The OP’s main question has already been resolved in the comments. The following is a long comment addressing OP’s follow-up question in comments, namely, we show that under AC, we can construct a function $f: \mathbb{R} \to \mathbb{R}$ s.t. $f(A) = \mathbb{R}$ for any $A \subset \mathbb{R}$ with positive measure.
Let $\mathfrak{c}$ be the cardinality of $\mathbb{R}$. Let $(r_\lambda)_{\lambda < \mathfrak{c}}$ be an enumeration of $\mathbb{R}$ in which every element appears $\mathfrak{c}$ many times. (This can be arranged, for example, by fixing a bijection $\iota: \mathfrak{c} \to \mathbb{R} \times \mathbb{R}$ and let $r_\lambda$ be the first coordinate of $\iota(\lambda)$.) Recall that the collection of all Borel sets has cardinality $\mathfrak{c}$, so the same holds for the collection of all Borel sets with positive measure. Let $(A_\lambda)_{\lambda < \mathfrak{c}}$ be an enumeration of such sets.

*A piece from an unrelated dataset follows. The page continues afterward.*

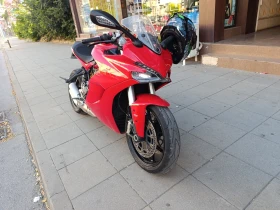 Ducati Supersport, снимка 6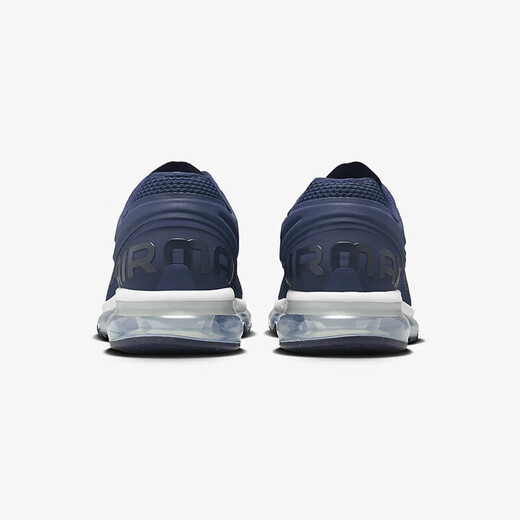 耐克（NIKE）春季复古运动男鞋Air Max 2013气垫缓震支撑透气回弹跑步鞋 hf4884-100白色 标准/US7.5 40.5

We now construct, through transfinite induction, a function $f_\lambda$ for each $\lambda < \mathfrak{c}$ s.t., for each $\lambda$, $f_\lambda$ is a function defined on a subset of $\mathbb{R}$ of cardinality smaller than or equal to $\max\{\aleph_0, |\lambda|\}$, and has codomain $\mathbb{R}$. Furthermore, $f_\lambda \subset f_\kappa$ whenever $\lambda \leq \kappa < \mathfrak{c}$.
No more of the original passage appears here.